START Input for this task
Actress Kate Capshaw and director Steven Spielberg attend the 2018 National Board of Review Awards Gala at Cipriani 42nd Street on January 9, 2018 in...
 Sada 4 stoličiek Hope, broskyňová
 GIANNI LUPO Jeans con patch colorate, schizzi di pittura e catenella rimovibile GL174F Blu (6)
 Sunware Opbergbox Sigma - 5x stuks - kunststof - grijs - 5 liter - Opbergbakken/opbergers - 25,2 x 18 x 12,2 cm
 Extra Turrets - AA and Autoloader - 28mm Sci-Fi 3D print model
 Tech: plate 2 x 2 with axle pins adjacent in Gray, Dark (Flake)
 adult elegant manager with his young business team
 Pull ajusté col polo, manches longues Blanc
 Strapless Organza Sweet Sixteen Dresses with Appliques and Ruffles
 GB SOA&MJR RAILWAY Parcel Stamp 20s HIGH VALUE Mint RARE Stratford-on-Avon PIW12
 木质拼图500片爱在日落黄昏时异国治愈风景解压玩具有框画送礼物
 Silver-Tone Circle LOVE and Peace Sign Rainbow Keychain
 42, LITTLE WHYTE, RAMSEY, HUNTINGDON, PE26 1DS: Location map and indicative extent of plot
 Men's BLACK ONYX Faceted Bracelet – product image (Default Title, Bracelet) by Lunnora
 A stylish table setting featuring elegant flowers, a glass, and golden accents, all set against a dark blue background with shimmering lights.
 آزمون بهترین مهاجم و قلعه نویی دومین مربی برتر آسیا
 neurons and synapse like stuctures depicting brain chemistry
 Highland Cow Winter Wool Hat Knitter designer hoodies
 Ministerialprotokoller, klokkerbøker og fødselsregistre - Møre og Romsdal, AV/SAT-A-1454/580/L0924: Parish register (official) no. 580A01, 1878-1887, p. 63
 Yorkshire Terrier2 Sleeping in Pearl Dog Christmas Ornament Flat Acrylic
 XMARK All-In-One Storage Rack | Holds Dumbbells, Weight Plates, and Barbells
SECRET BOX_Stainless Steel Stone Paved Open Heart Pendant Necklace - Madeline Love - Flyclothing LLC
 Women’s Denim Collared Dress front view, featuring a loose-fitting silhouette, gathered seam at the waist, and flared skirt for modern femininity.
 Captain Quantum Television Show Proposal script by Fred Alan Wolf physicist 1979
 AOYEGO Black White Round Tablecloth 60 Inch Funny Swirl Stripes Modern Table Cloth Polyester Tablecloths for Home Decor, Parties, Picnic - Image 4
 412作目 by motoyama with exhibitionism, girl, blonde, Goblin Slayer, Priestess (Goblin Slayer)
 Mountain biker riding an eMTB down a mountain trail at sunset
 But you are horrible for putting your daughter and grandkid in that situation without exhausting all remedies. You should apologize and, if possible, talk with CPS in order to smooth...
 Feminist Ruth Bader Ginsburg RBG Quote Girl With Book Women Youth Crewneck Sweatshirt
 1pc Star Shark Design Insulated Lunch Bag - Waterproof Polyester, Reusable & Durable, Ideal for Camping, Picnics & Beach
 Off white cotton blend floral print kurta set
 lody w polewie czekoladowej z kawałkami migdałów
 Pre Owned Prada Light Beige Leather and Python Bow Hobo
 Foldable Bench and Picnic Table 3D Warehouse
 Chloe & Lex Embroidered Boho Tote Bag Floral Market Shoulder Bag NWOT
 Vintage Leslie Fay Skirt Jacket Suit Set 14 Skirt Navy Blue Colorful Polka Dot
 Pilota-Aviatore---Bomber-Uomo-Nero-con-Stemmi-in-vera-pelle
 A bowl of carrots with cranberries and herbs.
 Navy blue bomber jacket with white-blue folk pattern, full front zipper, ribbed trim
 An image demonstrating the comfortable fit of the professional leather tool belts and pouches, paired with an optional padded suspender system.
END Input for this task
» What the task requires
Top to bottom, set down the entries above word for word.

» Task output
Actress Kate Capshaw and director Steven Spielberg attend the 2018 National Board of Review Awards Gala at Cipriani 42nd Street on January 9, 2018 in...
 Sada 4 stoličiek Hope, broskyňová
 GIANNI LUPO Jeans con patch colorate, schizzi di pittura e catenella rimovibile GL174F Blu (6)
 Sunware Opbergbox Sigma - 5x stuks - kunststof - grijs - 5 liter - Opbergbakken/opbergers - 25,2 x 18 x 12,2 cm
 Extra Turrets - AA and Autoloader - 28mm Sci-Fi 3D print model
 Tech: plate 2 x 2 with axle pins adjacent in Gray, Dark (Flake)
 adult elegant manager with his young business team
 Pull ajusté col polo, manches longues Blanc
 Strapless Organza Sweet Sixteen Dresses with Appliques and Ruffles
 GB SOA&MJR RAILWAY Parcel Stamp 20s HIGH VALUE Mint RARE Stratford-on-Avon PIW12
 木质拼图500片爱在日落黄昏时异国治愈风景解压玩具有框画送礼物
 Silver-Tone Circle LOVE and Peace Sign Rainbow Keychain
 42, LITTLE WHYTE, RAMSEY, HUNTINGDON, PE26 1DS: Location map and indicative extent of plot
 Men's BLACK ONYX Faceted Bracelet – product image (Default Title, Bracelet) by Lunnora
 A stylish table setting featuring elegant flowers, a glass, and golden accents, all set against a dark blue background with shimmering lights.
 آزمون بهترین مهاجم و قلعه نویی دومین مربی برتر آسیا
 neurons and synapse like stuctures depicting brain chemistry
 Highland Cow Winter Wool Hat Knitter designer hoodies
 Ministerialprotokoller, klokkerbøker og fødselsregistre - Møre og Romsdal, AV/SAT-A-1454/580/L0924: Parish register (official) no. 580A01, 1878-1887, p. 63
 Yorkshire Terrier2 Sleeping in Pearl Dog Christmas Ornament Flat Acrylic
 XMARK All-In-One Storage Rack | Holds Dumbbells, Weight Plates, and Barbells
SECRET BOX_Stainless Steel Stone Paved Open Heart Pendant Necklace - Madeline Love - Flyclothing LLC
 Women’s Denim Collared Dress front view, featuring a loose-fitting silhouette, gathered seam at the waist, and flared skirt for modern femininity.
 Captain Quantum Television Show Proposal script by Fred Alan Wolf physicist 1979
 AOYEGO Black White Round Tablecloth 60 Inch Funny Swirl Stripes Modern Table Cloth Polyester Tablecloths for Home Decor, Parties, Picnic - Image 4
 412作目 by motoyama with exhibitionism, girl, blonde, Goblin Slayer, Priestess (Goblin Slayer)
 Mountain biker riding an eMTB down a mountain trail at sunset
 But you are horrible for putting your daughter and grandkid in that situation without exhausting all remedies. You should apologize and, if possible, talk with CPS in order to smooth...
 Feminist Ruth Bader Ginsburg RBG Quote Girl With Book Women Youth Crewneck Sweatshirt
 1pc Star Shark Design Insulated Lunch Bag - Waterproof Polyester, Reusable & Durable, Ideal for Camping, Picnics & Beach
 Off white cotton blend floral print kurta set
 lody w polewie czekoladowej z kawałkami migdałów
 Pre Owned Prada Light Beige Leather and Python Bow Hobo
 Foldable Bench and Picnic Table 3D Warehouse
 Chloe & Lex Embroidered Boho Tote Bag Floral Market Shoulder Bag NWOT
 Vintage Leslie Fay Skirt Jacket Suit Set 14 Skirt Navy Blue Colorful Polka Dot
 Pilota-Aviatore---Bomber-Uomo-Nero-con-Stemmi-in-vera-pelle
 A bowl of carrots with cranberries and herbs.
 Navy blue bomber jacket with white-blue folk pattern, full front zipper, ribbed trim
 An image demonstrating the comfortable fit of the professional leather tool belts and pouches, paired with an optional padded suspender system.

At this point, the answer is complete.